Monthly Archives: June 2017

The Rolling Stones Beating the Bootleggers

stones some girls live

The business of archiving the Rolling Stones’ rich catalog!

By Joe Viglione
https://twitter.com/RollingStones

Find article here: http://tinyurl.com/somegirlsladiesandgentlemen

Rolling Stone Magazine has an article “Five Essential” Rolling Stones Bootlegs,   which is a good start on the band’s underground recordings, however, with an institution this legendary one can hardly choose 5 boots when there are thousands – if not tens of thousands – out there. And unlike the Beatles who stopped touring, the Stones have always strategically mapped out the release of a new album with tour after tour, so there is beyond a library of material that people will be studying as the millenniums fly by.  It’s quite exciting, actually, thinking of the prospect of future generations cataloguing the music with technology not yet dreamed of.

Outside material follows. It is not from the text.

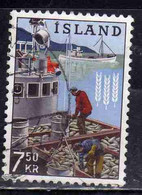 ISLANDA ICELAND ISLANDE ISLAND 1963 FAO FREEDOM FROM HUNGER CAMPAIGN HERRING BOAT 7.50k USED USATO OBLITERE' - Gebraucht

Which brings us to the re-release of Some Girls Live in Texas ’78, Muddy Waters/The Rolling Stones Live at the Checkerboard Lounge and Ladies and Gentlemen The Rolling Stones.  With twenty-three tracks between Ladies and Gentleman and Some Girls Live, and an additional 11 tracks with seventy-five minutes of music on the Muddy Waters’ blues disc (the DVD has 15 tracks plus bonus material, so the list just keeps on growing…) there are thirty-four slices of Rolling Stones music unleashed at once, which is a very smart move given how Stones’ fans love to collect, be entertained, and study what is out there.  It was forty-seven years ago as a sixteen year old that this writer purchased Liver Than You’ll Ever Be, the amazing bootleg of the November 9, 1969 concert at the Oakland Coliseum released one month later, which I bought in 1970.  Wikipedia has a pretty thorough overview of the underground classic, so go there for further information.  The Wikipedia page also notes that Get Yer Ya-Ya’s Out! (the response from Decca and the Stones to the bootleg, ostensibly ) was heavily overdubbed which – as much as the purist in me believes in documenting the event as the event unfolded, I have no problem with film colorization (go back to the original print if you wish) or enhancements.  As with “New Coke” the late CEO of Coca Cola, Roberto Goizueta said something about the ability to always go back to the original formula.  Ya-Ya’s could always find the original tapes released some day, but that the album is so very good, and has Liver Than You’ll Ever Be forever as a companion piece to we Rolling Stones fans who lived through the era, we pretty much have found the satisfaction Mick can’t get no of.    Lulu’s best of both worlds, as they say.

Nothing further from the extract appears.